Las cosas han cambiado. La alternancia que hemos vivido desde el año 2000, quitó a los presidentes las facultades metaconstitucionales mediante las cuales ejercía poderes ilimitados. Sin embargo, sus atribuciones constitucionales les permitieron (PAN-PRI), ejercer con liberalidad el presupuesto federal. Han tenido, pues, la facultad de abrir y cerrar la llave de los recursos, lo cual es más contundente ahora que Morena es también mayoría en las cámaras legislativas.

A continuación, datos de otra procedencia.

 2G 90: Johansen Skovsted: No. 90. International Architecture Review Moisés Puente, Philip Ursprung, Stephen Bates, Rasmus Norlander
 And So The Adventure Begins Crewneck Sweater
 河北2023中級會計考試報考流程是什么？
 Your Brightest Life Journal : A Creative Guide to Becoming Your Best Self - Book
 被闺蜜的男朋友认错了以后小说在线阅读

Quien decide el rumbo de la política estatal es el Ejecutivo. Hay que recordar que el Ejecutivo es un poder público unipersonal y no, como generalmente se piensa, integrado por el gobernador y su gabinete. Los secretarios, como ocurre en el ámbito federal, somos auxiliares del Ejecutivo en el despacho que cada quien tiene a su cargo. De ahí también que ningún secretario pueda asumir decisiones políticas que únicamente corresponden al gobernador.

Las políticas del mandatario Astudillo son claras: fortalecer la gobernabilidad recuperada por su administración; avanzar en la contención a la violencia; y obtener el apoyo federal para el desarrollo de la entidad. Obvio, sus acciones estarían destinadas al fracaso si no gestionara el apoyo federal y, peor todavía, si se confrontara con el Presidente. Por ello, sus colaboradores debemos conocer los límites y estar conscientes de la naturaleza de nuestras opiniones.

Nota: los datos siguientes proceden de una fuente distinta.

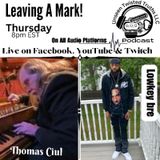 Make A Mark with Thomas Ciul and LowkeyBre on Unseen Twisted Truths-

El gobernador Héctor Astudillo tiene claridad en su misión. Su equipo sabe que la administración es también un sistema de fusibles que sirve de red de protección al Ejecutivo: cualquiera que resulte incómodo su reemplazo es necesario. Y debe ser así porque, parafraseando a Altamirano, antes que la amistad está el interés en el buen funcionamiento del aparato público, la eficacia de la política gubernamental y la saludable protección al jefe. Los fuegos que otros enciendan no tienen porqué llegar al gobernante.

El gobernador sirve al estado y sus colaboradores debemos ser consecuentes con ese principio y fin. Aunque hubiera quien o quienes lo pudieran creer, no hay cargos comprados. La lealtad implica eficacia en el desempeño de la tarea y responsabilidad con el jefe.

Por lo mismo, hay que traer siempre la renuncia en el bolsillo.